I think Jen Linkova is right that most MPLS networks don’t have MTUs that problematic. I also think that LERs and not LSR should send ICMPv6 PTB messages because they know the MTU along the path that they computed and can send ICMPv6 messages with a problem before a packet enters the MPLS network and it becomes a problem that MPLS is unidirectional. So I think this is not a problem.
Anycast is indeed more difficult. RFC 7690 outlines a solution to handling ICMPv6 PTB messages in networks with load balancers. It might not help in any larger anycast deployments though.
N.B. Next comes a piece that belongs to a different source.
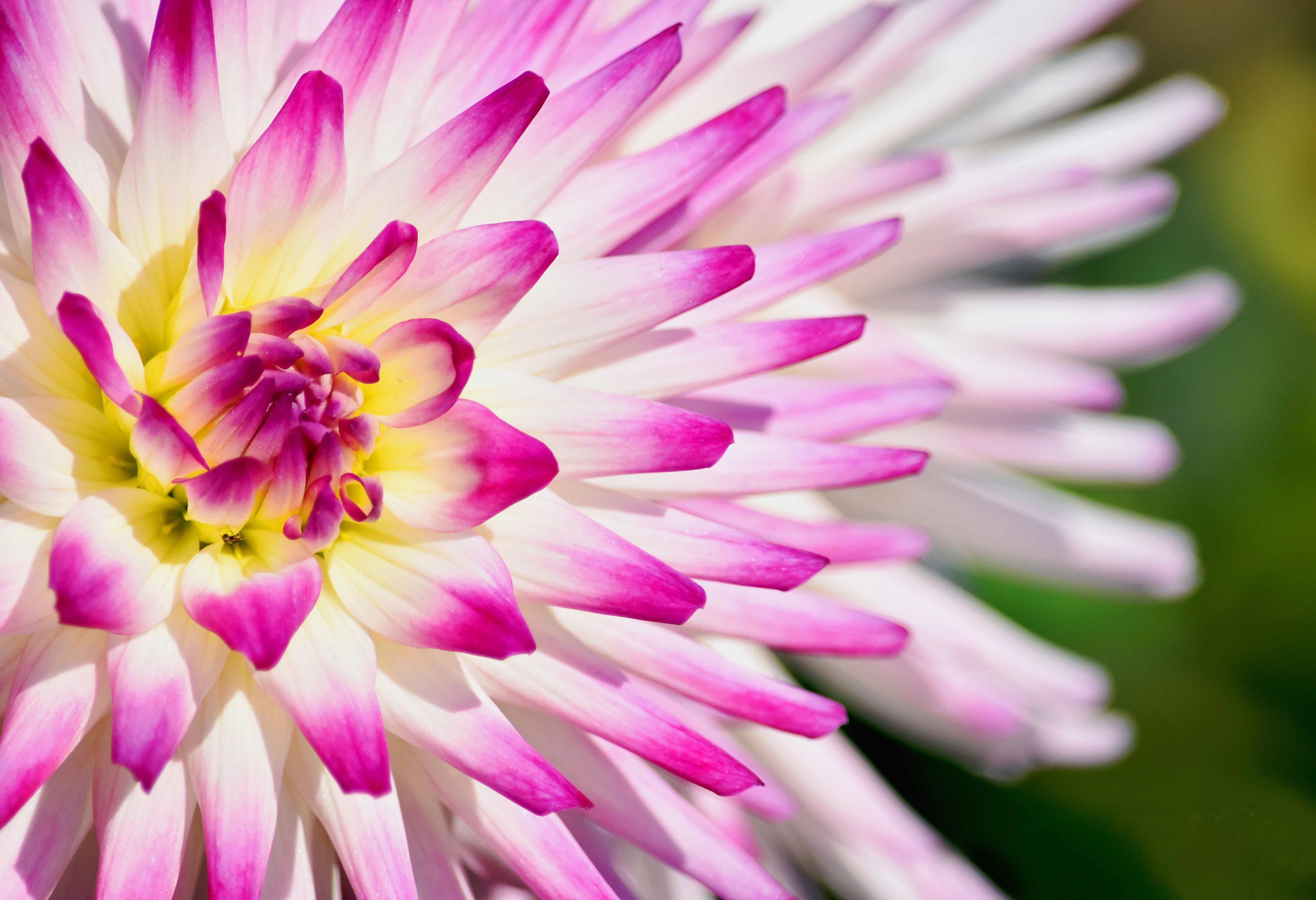 Dahlia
You also said that some network equipment can’t handle IPv6 extension headers properly. I think that’s the real problem with IPv6 fragmentation. But at least it does not break path MTU discovery and therefore is not such a big problem in pratice. Perhaps the problem will become more urgent to people as IPv6 gains importance. I had an issue with IPv6 fragmentation in the past and it turned out that a particular stateless firewall was misconfigured and dropped packets that were not either TCP or UDP. We could diagnose and resolve the problem quickly. People can quickly fix their firewalls and network equipment if it “breaks the Internet” and their customers or users depend on it. 😉 Their customers and users just don’t notice the brokenness of their network at the moment because they can fallback to IPv4. So I’m optimistic that this problem will solve itself over time and therefore I don’t think that it’s a good reason to consider IPv6 fragmentation to be unusable. And if people don’t adhere to the standards and filter anything that doesn’t look like TCP or UDP for questionable security reasons, we have a much bigger problem than broken IPv6 fragmentation anyhow.